In 2023, the U.S. stock market experienced a remarkable rally with the S&P 500 and the Nasdaq Composite surging by 24.2% and 43%, respectively. That rally continued in early 2024, and the S&P 500 index set multiple new record highs in January.

With the S&P 500 up by more than 20% from its bear market low of October 2022 and having crossed the threshold of its previous all-time high of January 2022, it has officially entered a bull market.

Although the rising market has pushed up the valuations of many stocks, there are still numerous reasonably priced investment opportunities. Here's why Alphabet (GOOG 9.96%) (GOOGL 10.22%) and Amazon (AMZN 3.43%) can be smart picks for retail investors in this bull market environment.

Alphabet

Although digital advertising titan Alphabet beat analysts' consensus top- and bottom-line estimates in the fourth quarter, ad revenues fell short of expectations. Since advertising provides nearly three-fourths of the company's total revenues, shares of the company sank after that result was revealed.

While concerns about a potential U.S. recession affecting Alphabet's revenues and profits continue to loom, the recent share price pullback is no reason to panic. Google Search is still the indisputable leader in the global search market, with a share of nearly 91.5% according to Statcounter GlobalStats. This broad reach enabled Alphabet to capture nearly 39%of the $740.3 billion global digital advertising market last year.

Alphabet incorporated artificial intelligence (AI) technologies into several areas of its advertising products, including bidding, targeting, creative development, and the core advertiser and publisher experiences. The company is also exploring the use of generative AI technology in search to deliver comprehensive and insightful responses to user queries and to show more relevant advertisements to users alongside search results.

Moreover, the company is focusing on catering to diverse information needs by providing multimodal responses (a combination of multiple media such as text, images, audio, and video) with its recently launched Gemini large language model. These initiatives will further help Alphabet maintain its market dominance in the digital advertising market.

Equally exciting is Alphabet's cloud computing business, Google Cloud, which has been gaining momentum over the past few years. Google Cloud revenues rose 26% to $33 billion in 2023, driven by increasing demand for AI-powered services and widespread adoption across government and enterprise clients. Alphabet also invested heavily in cloud-native AI infrastructure such as generative AI technologies and the Vertex AI platform to enable clients to build and train customized machine-learning models and AI applications. Despite this, Google Cloud is highly profitable, generating $864 million in operating income in 2023.

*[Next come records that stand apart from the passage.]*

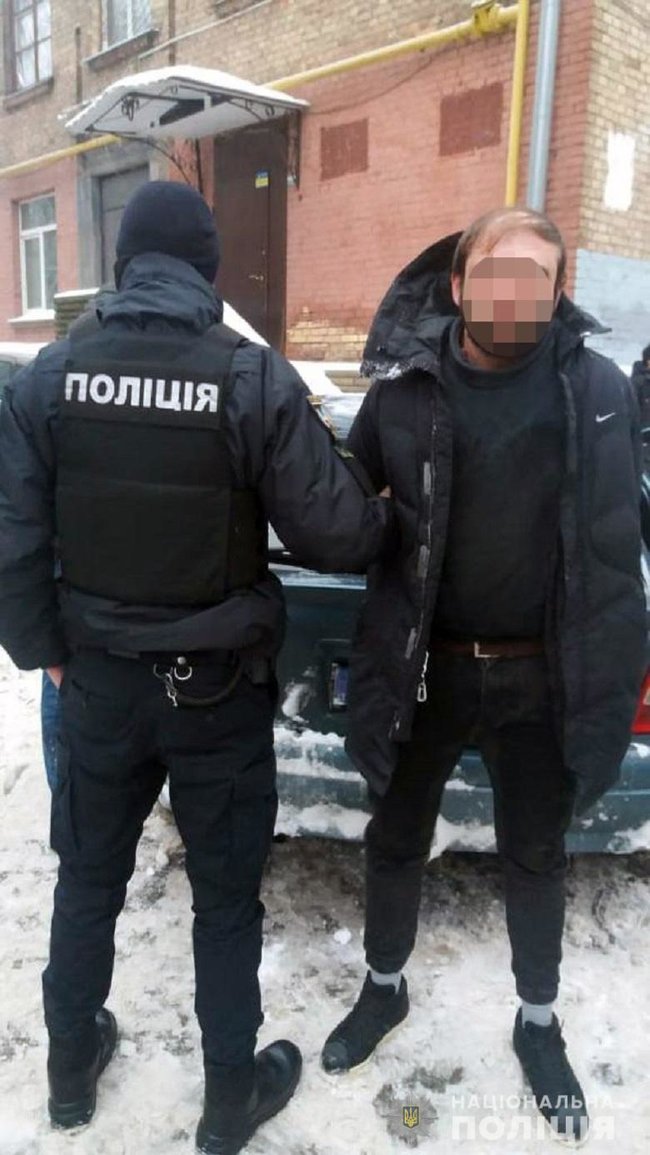 Затримано групу іноземців, які обкрадали автомобілі киян, - Нацполіція 04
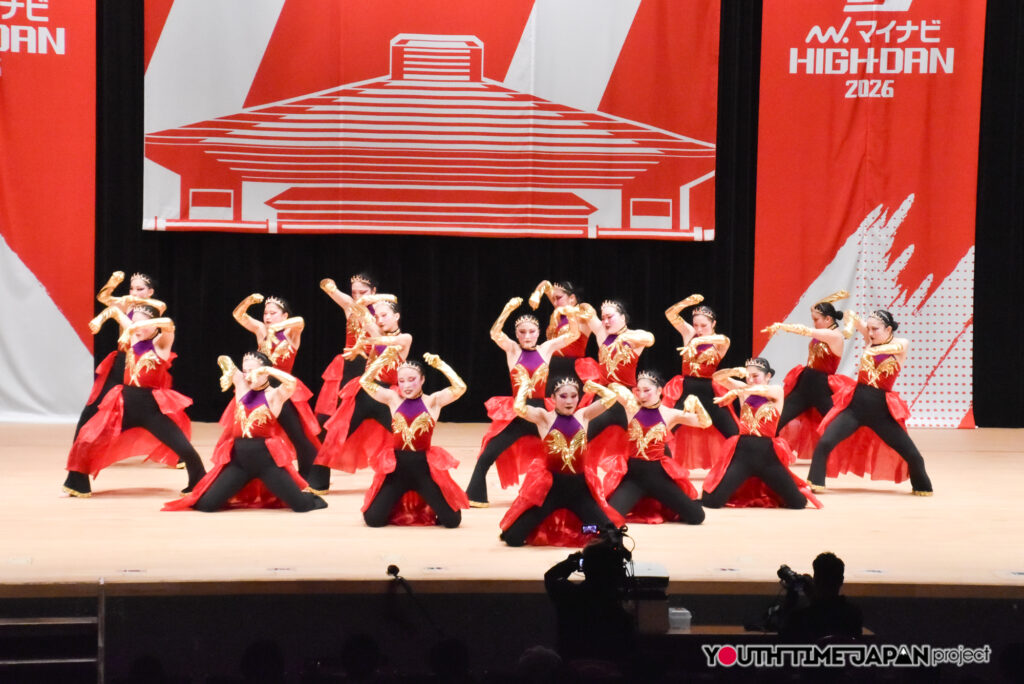 マイナビハイダン2026 EAST vol.3 LARGE部門で千葉敬愛高等学校「Belledia」がパフォーマンスをしているところ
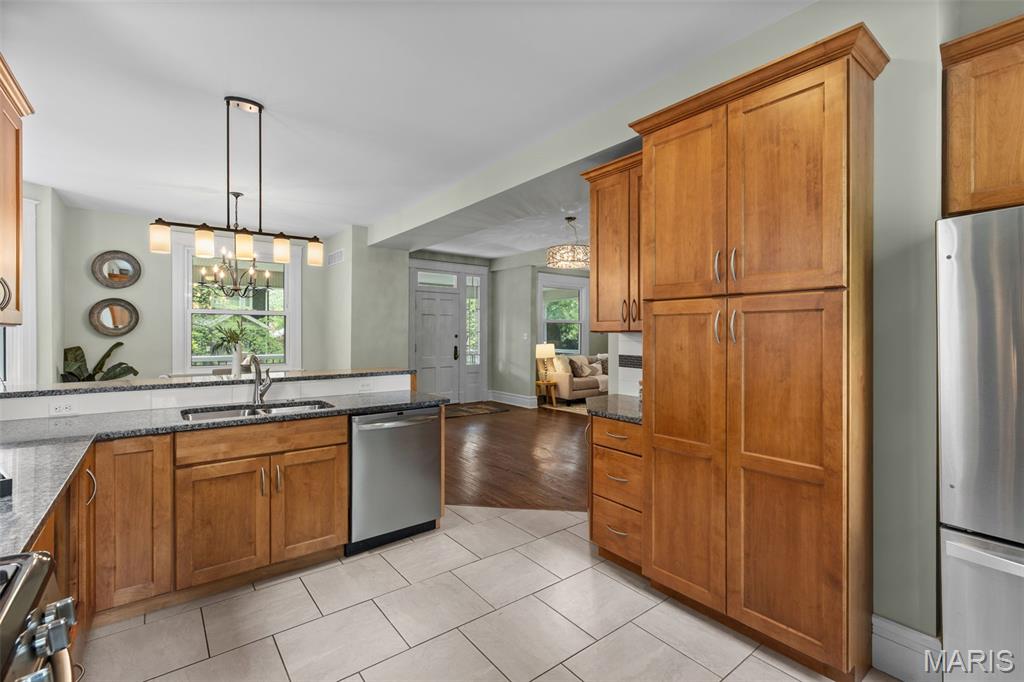 7065 Waterman Avenue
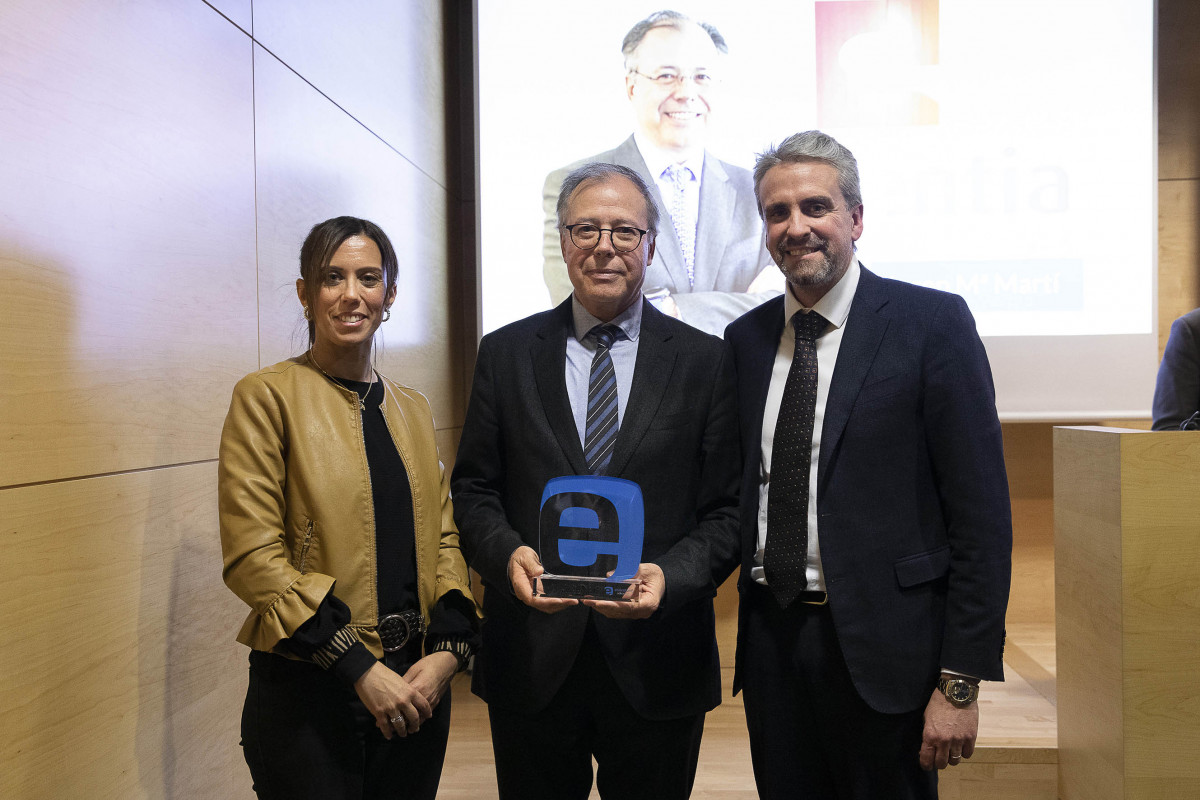 Josep maria marti recibe el premio de honor a la trayectoria personal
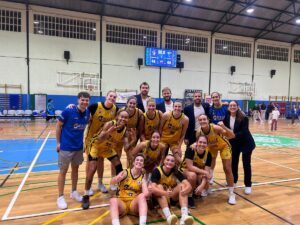 Equipo de baloncesto femenino celebrando una victoria en el partido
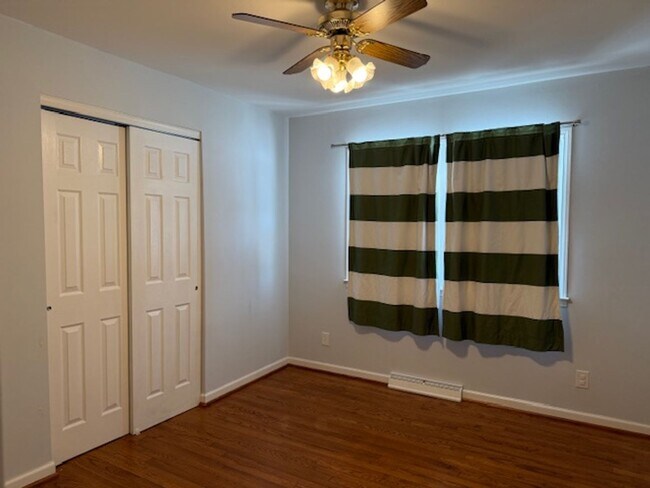 Building Photo - All One Level Living La Plata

Finally, Alphabet trades at a reasonable valuation, of just 6 times its trailing-12-month sales, close to its five-year average of 5.94.

All these factors collectively underscore Alphabet's attractiveness as a compelling investment choice for 2024.

Amazon

E-commerce and cloud computing giant Amazon exhibited stellar performance in the fourth quarter, with revenues and earnings beating analysts' consensus estimates. In the weeks since the company announced these results on Feb. 1, the stock has risen by nearly 9%, but there are several reasons to expect the stock could go even higher in the coming months.

First, Amazon's focus on restructuring its distribution network from a national to a regional model has brought items closer to customers. The subsequent improvement in delivery speeds helped increase the purchase frequency of Prime members, especially in the beauty, health, personal care, and everyday essentials categories. The regionalization strategy also helped reduce the cost of serving in 2023. Coupled with the company's extensive product selection and competitive pricing, Amazon's e-commerce business is positioned to maintain its dominant position in 2024.

Second, Amazon Web Services (AWS) continues to be the leader in the cloud infrastructure market, with a 31% share. The business recorded a strong performance in the fourth quarter, with revenues rising 13% year over year to $24.2 billion. AWS' operating margin also rose by 500 basis points to 29.6% in the quarter. Despite enterprises continuing to optimize costs, AWS reached an annualized revenue run rate of $100 billion at the end of 2023.

Third, Amazon is also investing to give AWS customers access to a wide range of generative AI capabilities. The company offers compute instances (fully managed cloud-based virtual workstations) running on a range of CPU and GPU chips, including Nvidia chips and its proprietary AI-optimized chips, to customers that are building their own AI models and require high-performance computing. It also offers Amazon Bedrock, a service that enables customers to leverage existing large language models and build customized generative AI applications securely on the AWS platform. Bedrock already gained significant traction in a matter of a few months, with thousands of customers using the service. Finally, AWS also gives customers access to easy-to-use AI-powered applications such as coding companion Amazon Q and shopping assistant Rufus.

Considering the multiple tailwinds its businesses should benefit from, Amazon seems to be a smart buy now.